2.どのように父親の加齢が次世代に伝わるのか
男性の加齢がどのように次世代に影響を与えていくのかを知る上で、キーワードになるのが「エピジェネティック修飾」という言葉です。
エピジェネティック修飾とはDNAやDNAが巻き付くヒストンというタンパク質にメチル化やアセチル化修飾がつくことで標的となる遺伝子のスイッチがON/OFFの切り替えられるというものです。
DNAは設計図と例えられますが、1人につき1つのDNA配列しか持っていません。しかし、体中の細胞は様々な働きがあり、種類ごとに全く異なります。
これはこのエピジェネティック修飾が大きく関係しています。
すなわち、ある領域がアセチル化されることで「ここを重点的に読んでよ!」、メチル化されることで「ここはあまり読まなくていいよ!」と目印が付くことで、1つの設計図でも多様な細胞があるのです。
男性の加齢が次世代に及ぼす影響については、このDNAのメチル化変異が関わっている可能性があります。
2-1.ヒトにおける研究
アメリカでASDの子供をもつ家族協力のもと行われた研究によると、父親の精子DNAメチル化の変化と子供のASD的な兆候が相関し、また複数のDNAメチル化の変化がASD患者の死後能検査において共通することが報告されています。
この研究が元となりマウスによる原因究明が行われるようになりました。
2-2.マウスにおける研究
加齢した雄マウスを若齢の雌マウスと交配させた結果、産まれた子供は体重減少、音声コミュニケーションの異常や空間学習の異常などASDや統合失調症に類似する行動異常があることが示されました。

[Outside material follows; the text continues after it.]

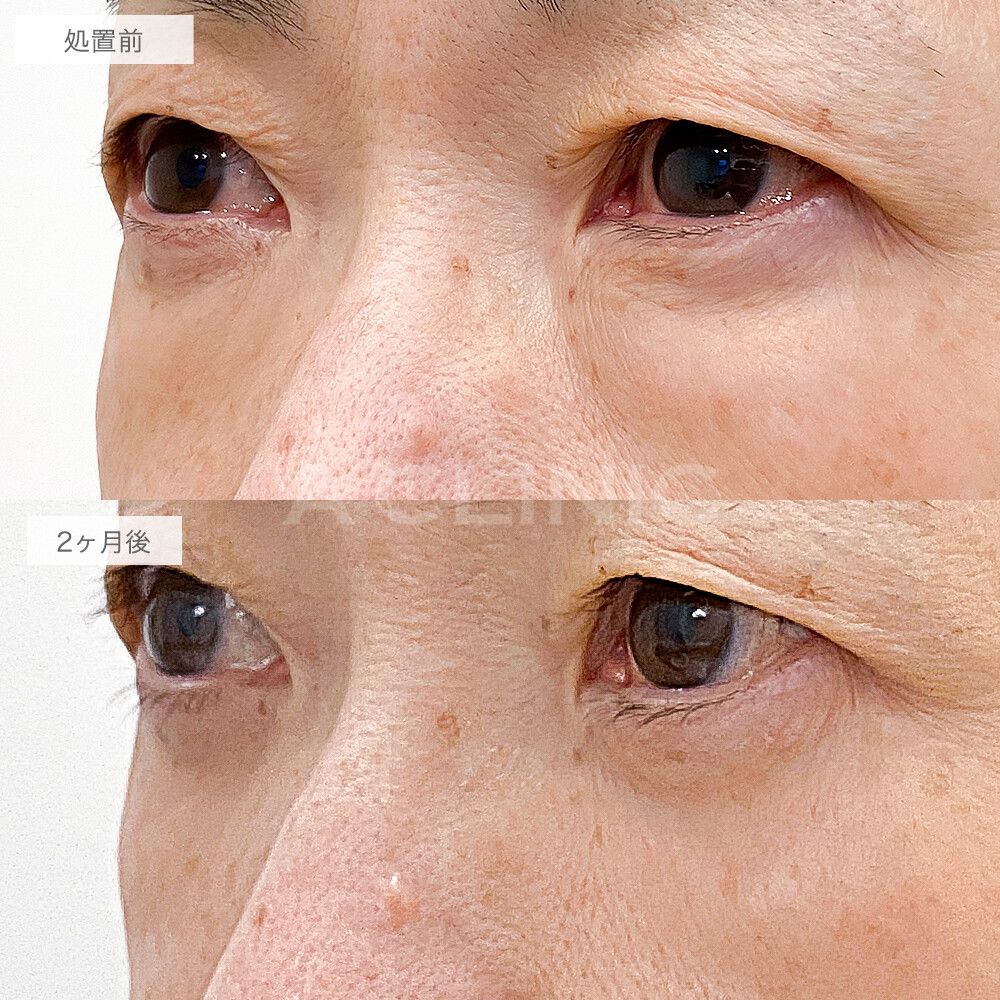 目の下のふくらみ取りの症例写真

その後、加齢マウスの精子DNAにおいて96ヵ所の低メチル化領域が同定され、このメチル化領域に共通する現象として、神経細胞分化に重要なタンパク質であるREST/NRSFが関与していることがわかりました。
また、加齢した雄マウス由来の子供マウスの脳におけるDNA発現を調べた結果からも、REST/NRSFの標的遺伝子やASD関連遺伝子の発現変化があることがわかりました。
さらに若齢の雄マウスに低メチル化剤を投与し、人為的に低メチル化状態を引き起こした状態で若齢雌マウスと交配させた結果、産まれた子供マウスは同様にASDに類似する行動異常があることが明らかになり、精子の低メチルはASDと関連することが明らかとなっています。
3.さいごに
女性の加齢は卵子の染色体異常という表現的にわかりやすく、またメディアによる「卵子の老化」というキャッチーな言葉のおかげで広く知られるようになりました。

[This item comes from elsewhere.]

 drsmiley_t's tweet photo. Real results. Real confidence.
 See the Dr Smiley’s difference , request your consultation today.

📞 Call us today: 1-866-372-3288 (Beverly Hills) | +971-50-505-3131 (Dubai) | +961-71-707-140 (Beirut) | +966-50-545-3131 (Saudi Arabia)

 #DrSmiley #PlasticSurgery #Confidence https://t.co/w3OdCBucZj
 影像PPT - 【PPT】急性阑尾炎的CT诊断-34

しかし、男性の加齢はエピジェネティックな異常という表現的にはわかりにくく、また不妊というよりかは、産まれてからの神経発育に異常をきたす可能性があるということで、あまりフューチャーされてきませんでした。
さらに、このエピジェネティックな変化がどのように次世代に影響を与えるのか未だ不明な点が多いこともその要因の1つでしょう。
しかし同じ老化でも、卵子の老化は、卵子という細胞がお母さんのお腹の中にいる時にでき、それが20年30年40年の時を経て次世代の形成に関わるという本当の意味での老化である一方で、精子は毎日大量につくられており、その男性本人の老化によって引き起るので本質は異なります。

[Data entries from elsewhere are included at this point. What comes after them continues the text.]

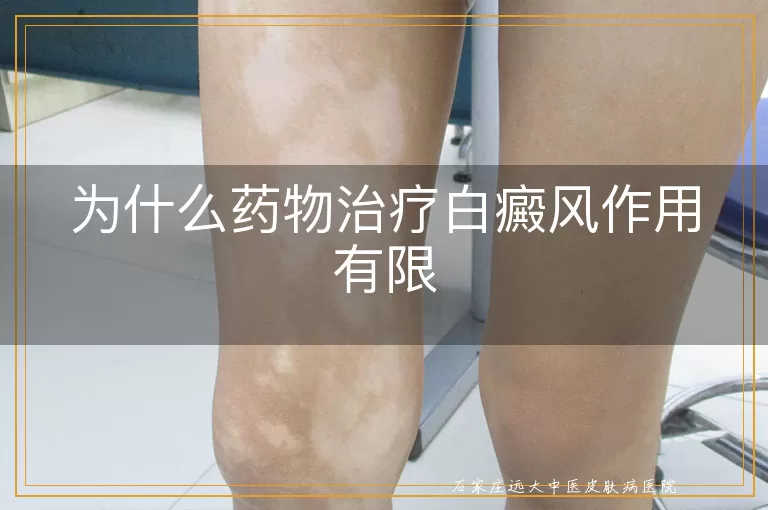 为什么药物治疗白癜风作用有限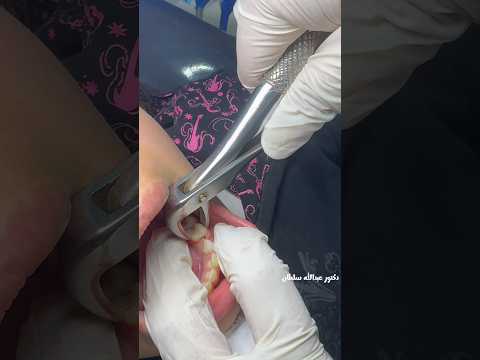 Extraction of primary teeth 🦷 #dr_abdullah_sultan_dentist #dentist #اكسبلور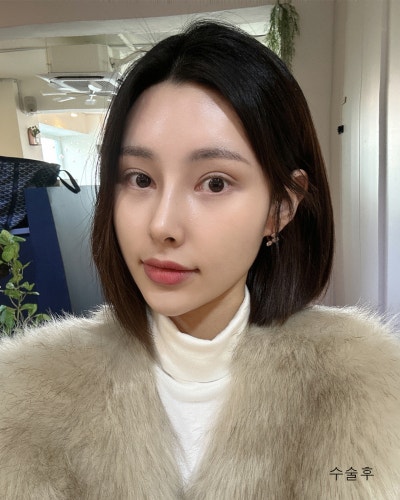 풀린눈재수술, 이마거상, 코성형 전후 사진 9
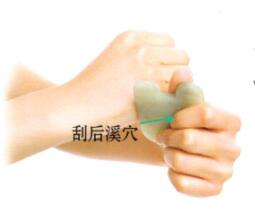腰痛的刮痧疗法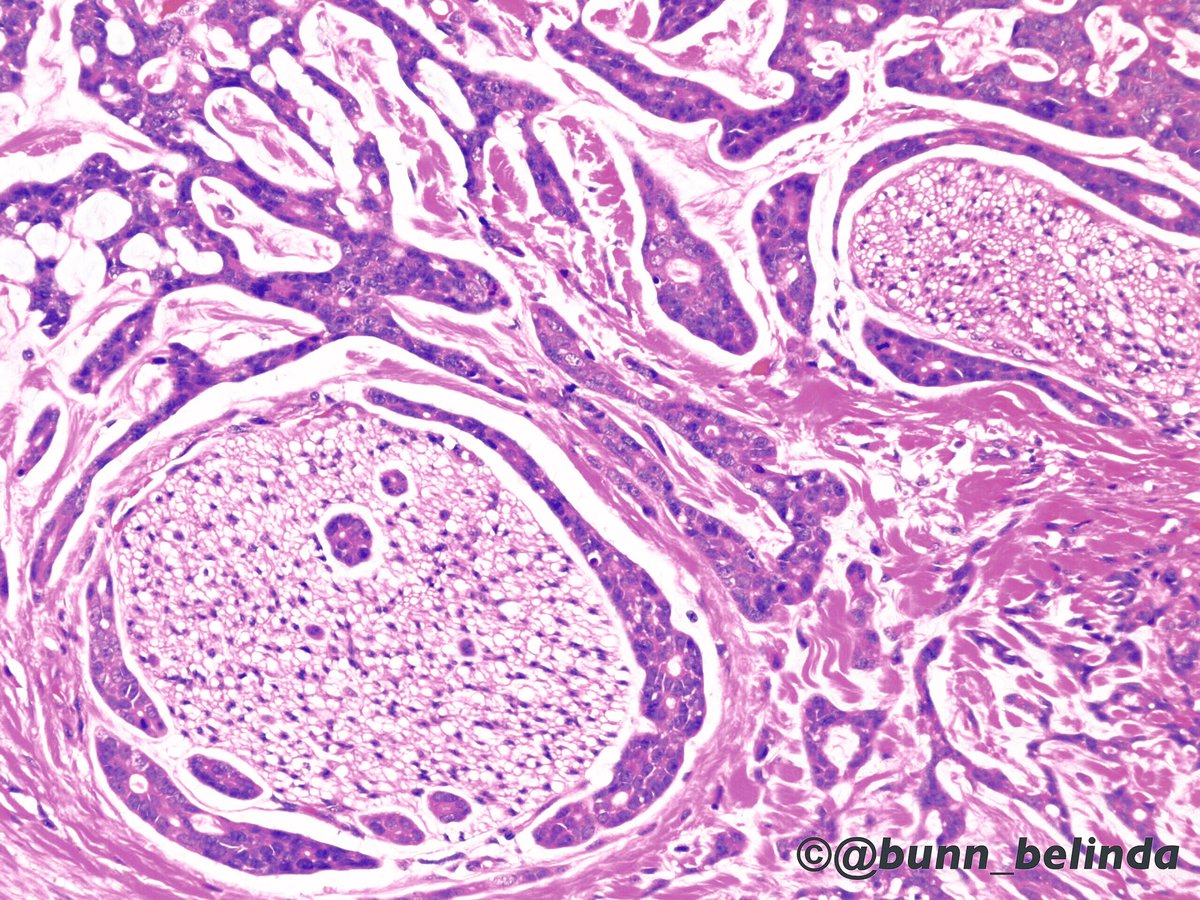 Belinda Bunn tweet media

男性の老化についてはなんとなくわかったけど、どうすればいいの?
エピジェネティックな異常がどのように次世代に受け継がれるのかそのメカニズムがわかっていないので、その治療法や原因解決は現在のところありません。
あえて言うのであれば、「男性も早く子供を作ること!!」ということです。
晩婚化・晩産化は女性だけの問題だけでなく、双方の問題なのです。
最後に未だ科学的なエビデンスはありませんが、最近ではサプリメントの服用も効果があるかもしれないと言われています。
1つは抗酸化サプリです。以前紹介した強力な抗酸化作用をもつ「PQQ」を個人的にはおすすめします。
また2つ目は葉酸です。葉酸は女性において妊娠前から妊娠初期の服用で胎児の先天異常である神経管閉鎖障害のリスクを少なくすることで知られています。唯一、妊娠時のサプリメント摂取の効果が科学的に認められていると言っても過言ではないかもしれません。
このように葉酸は神経発達に重要な働きを持つことから男性の老化が次世代の神経発達に影響を及ぼすことにも効果があるのではないかと最近期待されています。
卵子と精子の老化について正しい理解が広がることが大切で、また科学的によい解決法が開発されることを期待します。